Impact of resistant pneumococcus on rates of acute mastoiditis

METHODS AND MATERIAL

The records of all patients treated at Shands Hospital at the University of Florida, an academic, tertiary-care medical center, with a discharge diagnosis of acute or coalescent mastoiditis between July 1, 1987, and June 30, 1997, were reviewed. Subjects with acute exacerbations of chronic suppurative otitis media and subjects with otitis media and isolated mastoid opacification but no clinical evidence for acute mastoiditis were excluded from the study. Because acute mastoiditis is a clinical diagnosis, patients subsequently found to have cholesteatoma (eg, during surgery or follow-up examinations) were included if they had clinical evidence of acute mastoiditis and no suspicious otologic symptoms (eg, chronic or recurrent otorrhea) or middle ear findings (eg, perforation, scutal erosion, or squamous debris) at presentation. Acute mastoiditis was classified as coalescent or noncoalescent on the basis of the radiographic and intraoperative reports of mastoid bone integrity or erosion. Data collection included patient demographics; causative pathogens isolated from the ear, blood, or spinal fluid; presence of other sequelae; and type of treatment required.

An exact test for directional (1-tailed) linear trend in ordered binomial proportions, available in the EGRET epidemiologic statistical software package (CyTel, Cambridge, MA), was used to determine whether total, pneumococcus, pseudomonas, and staphylococcus acute mastoiditis rates, expressed as proportions of total hospital or otolaryngology admissions, tended to increase over consecutive time intervals. The Pearson χ² test and Fisher exact test were used to test for heterogeneity of admission rates among time intervals. The Fisher exact test was also used to compare the proportion of cases of acute mastoiditis caused by pneumococcus between patients more or less than 2 years of age and between patients from the first and last triennia of the study period. The Spearman rank correlation coefficient was used to assess the degree of rank correlation between time of admission and patient age during the entire study period. The Wilcoxon rank sum test was used to compare age rank sums between patients from the first and last triennia of the study period.

RESULTS

Thirty-four subjects were found to have adequate documentation to support the diagnosis of acute mastoiditis or acute, coalescent mastoiditis. One patient had acute mastoiditis twice, yielding 35 cases of acute mastoiditis during the 10-year study period. Twenty-six cases involved acute mastoiditis without coalescence, and 9 cases involved coalescence. Nine of each of these groups had other complications, ranging from subperiosteal abscess to death (Table 1).

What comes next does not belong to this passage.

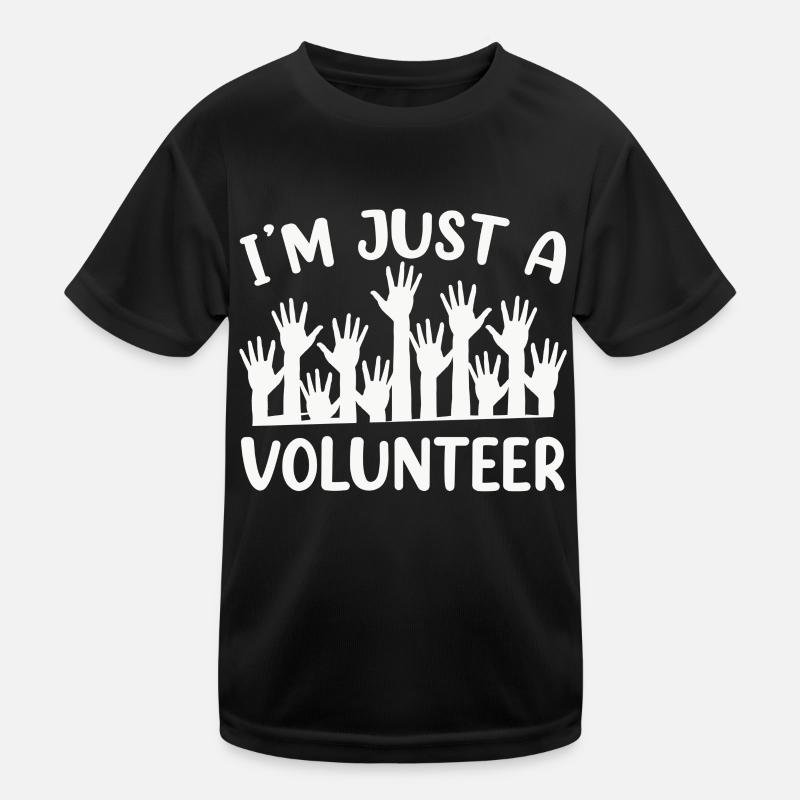 Ich Bin Nur Ein Freiwilliger Freiwillig Ehrenamt Kinder Funktions-T-Shirt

Twenty-two cases (63%) were in males. Forty-one percent involved the right ear. The mean age of subjects at the time of admission was 10.03 years (median 5.1 years, minimum 61 days, and maximum 52.3 years). Thirty-seven percent of subjects were younger than 2 years. Patient age tended to decrease over the course of the study period (Spearman r = −0.45, P = 0.006), with age being significantly lower (P = 0.022) in the last triennia (median age 1.5 years) than in the first (median age 6.9 years, Tables 2 and 3).

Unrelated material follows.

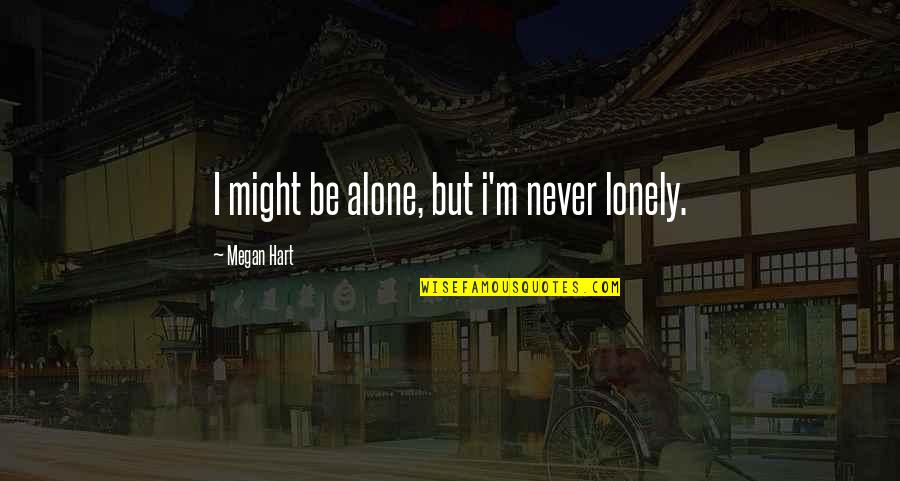 Liking Someone Else Quotes By Megan Hart: I might be alone, but i'm never lonely.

The incidence of acute mastoiditis ranged from 1 to 8 cases per year (median 3 and mean 3.6). The absolute yearly rate of acute mastoiditis was quite variable (ie, heterogeneous). To evaluate the rate of mastoiditis with respect to the population at risk, we analyzed the rate of mastoiditis as a function of hospital and otolaryngologic admissions. The rate of hospital admissions rose slightly and reached a plateau during the study period, but the otolaryngologic admissions decreased by one third (Tables 2 and 3). The rate of acute mastoiditis as a proportion of yearly otolaryngologic admissions increased significantly over time (P = 0.024).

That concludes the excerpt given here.